■ **PROVIDED ENTRIES**
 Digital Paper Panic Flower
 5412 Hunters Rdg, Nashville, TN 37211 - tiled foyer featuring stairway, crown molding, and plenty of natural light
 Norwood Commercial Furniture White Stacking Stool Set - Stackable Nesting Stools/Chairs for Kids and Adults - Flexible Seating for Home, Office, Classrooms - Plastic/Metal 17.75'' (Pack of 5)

---

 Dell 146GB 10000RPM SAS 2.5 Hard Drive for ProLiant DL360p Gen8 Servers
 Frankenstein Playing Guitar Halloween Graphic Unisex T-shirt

==

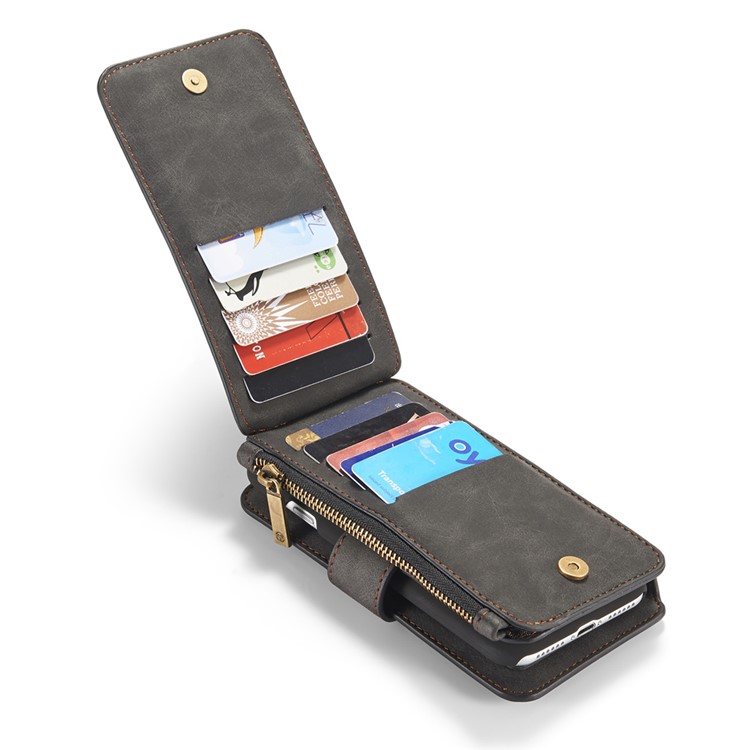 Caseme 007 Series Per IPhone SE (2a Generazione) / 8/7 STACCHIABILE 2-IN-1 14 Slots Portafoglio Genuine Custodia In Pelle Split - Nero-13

■ **PROBLEM TO SOLVE**
Please reproduce, exactly as they appear above, the lines from the line containing "Digital Paper Panic Flower" up to and including the line containing "Norwood Commercial Furniture".

■ **COMPLETED EXERCISE**
 Digital Paper Panic Flower
 5412 Hunters Rdg, Nashville, TN 37211 - tiled foyer featuring stairway, crown molding, and plenty of natural light
 Norwood Commercial Furniture White Stacking Stool Set - Stackable Nesting Stools/Chairs for Kids and Adults - Flexible Seating for Home, Office, Classrooms - Plastic/Metal 17.75'' (Pack of 5)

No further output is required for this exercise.